A conversion model storage unit storing a discrete symbol sequence conversion model generated by the language identification model learning device according to claim 1;
A language identification model storage unit storing a language identification model generated by the language identification model learning device according to claim 1;
A discrete symbol sequence conversion unit that converts input speech data into a discrete symbol sequence using the discrete symbol sequence conversion model;
Using the language identification model, a language identification unit that obtains a generation probability for each language label from a discrete symbol sequence of the input speech data and outputs a language label that gives the maximum generation probability;
Language identification device including

The learning data storage unit stores a plurality of learning data in which voice data in a plurality of languages and a language label representing the language of each voice data are paired,
A conversion model learning step for learning a discrete symbol sequence conversion model for outputting a discrete symbol sequence obtained by discretizing the posterior probability distribution of the language label, using the learning data as input, using the learning data;
A discrete symbol sequence conversion unit that converts the speech data of the learning data into the discrete symbol sequence using the discrete symbol sequence conversion model;
A language identification model learning unit learns a language identification model that receives a discrete symbol sequence of speech data and outputs a generation probability for each language label, using the discrete symbol sequence and language label of the learning data.
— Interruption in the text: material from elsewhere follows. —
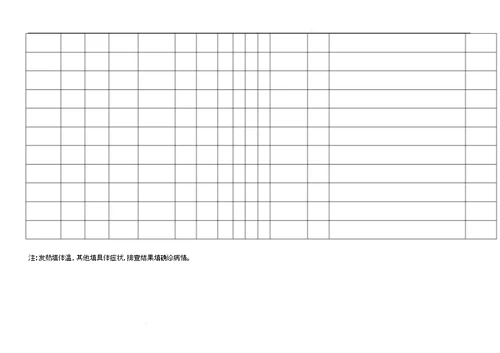 学校晨午检登记表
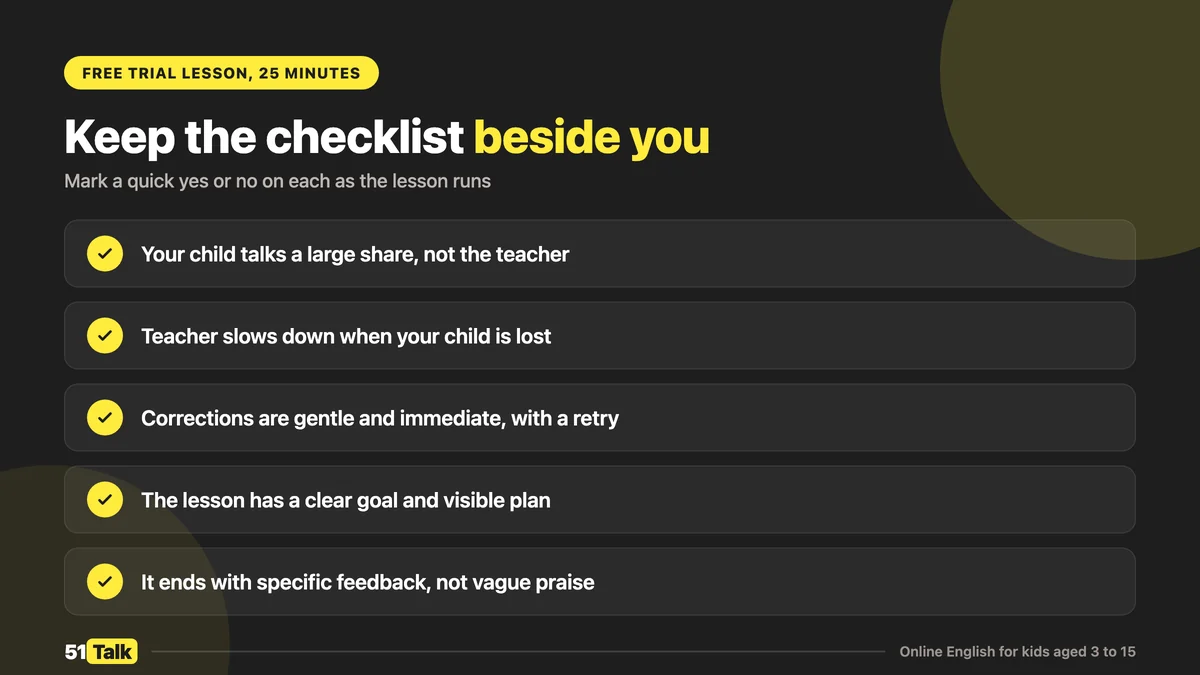 How 51Talk supports your child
Learning steps,
A language identification model learning method including

A discrete symbol sequence conversion model generated by the language identification model learning method according to claim 4 is stored in the conversion model storage unit,
A language identification model generated by the language identification model learning method according to claim 4 is stored in the language identification model storage unit,
A discrete symbol sequence conversion unit that converts the input speech data into a discrete symbol sequence using the discrete symbol sequence conversion model;
A language identification step for obtaining a generation probability for each language label from a discrete symbol sequence of the input speech data using the language identification model, and outputting a language label that gives the maximum generation probability;
Language identification method.

A program for causing a computer to function as the language identification model learning device according to claim 1 or 2 or the language identification device according to claim 3.

A computer-readable recording medium on which a program for causing a computer to function as the language identification model learning device according to claim 1 or 2 or the language identification device according to claim 3 is recorded.